I made this post in our Slack (edited for conciseness):
Interesting from AWS: This guide says, when making a static website hosted from S3, you should grant your bucket public read access: https://docs.aws.amazon.com/AmazonCloudFront/latest/DeveloperGuide/GettingStarted.html#GettingStartedUploadContent
So then you do that and then this notification appears:
You have provided public access to this bucket. We highly recommend that you never grant any kind of public access to your S3 bucket.
Anyone know which is best method? FWIW - I came across this because I initially set a private bucket, and gave an IAM permission to cloudfront to access this bucket. This worked, kind of, for the site in that the index page was successfully delivered. However, trying to access a sub page, like mydomain.com/about caused 403 forbidden errors. The bucket policy was created at the time the cloudfront was created.

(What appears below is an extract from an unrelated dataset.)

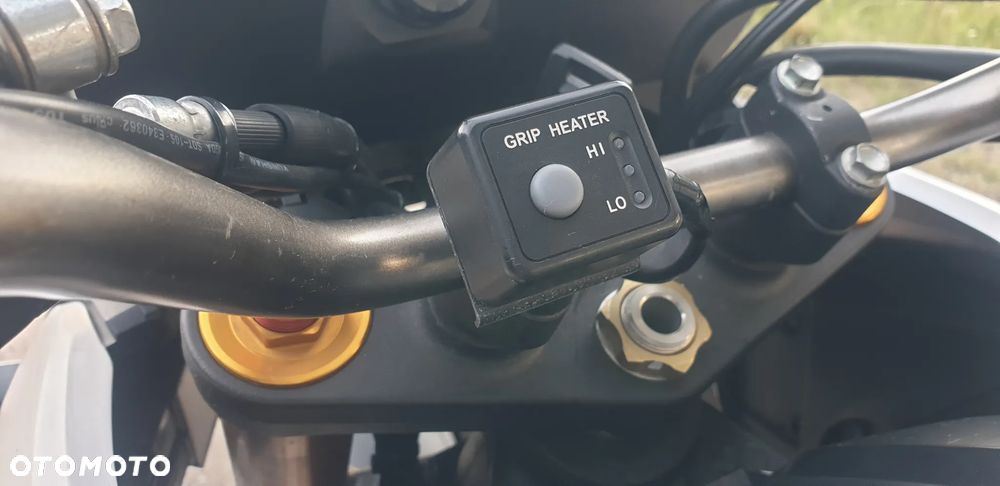 Suzuki V-STROM - 7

This is why I was confused about what the best practice is because I thought yes, they’re right, buckets should never be public for the world to see, instead the resource accessing them should be granted the permission and then do something with it. In this case, CloudFront should access it, then pass the data to the request rather than the user accessing the bucket.
Later I found another piece of conflicting info:
It seems, despite the warnings on the s3 page, that they need to be public after all https://docs.aws.amazon.com/AmazonS3/latest/dev/WebsiteAccessPermissionsReqd.html
This was met with some disagreement by my colleagues, so this morning we sat down before the work day started and had a crack at getting it setup correctly. After much debate, and to cut an already long story short(er), the implementation that I currently have now is what is best suited for hosting a static website with CloudFront, and is the one that works the best, that public readers would expect to work.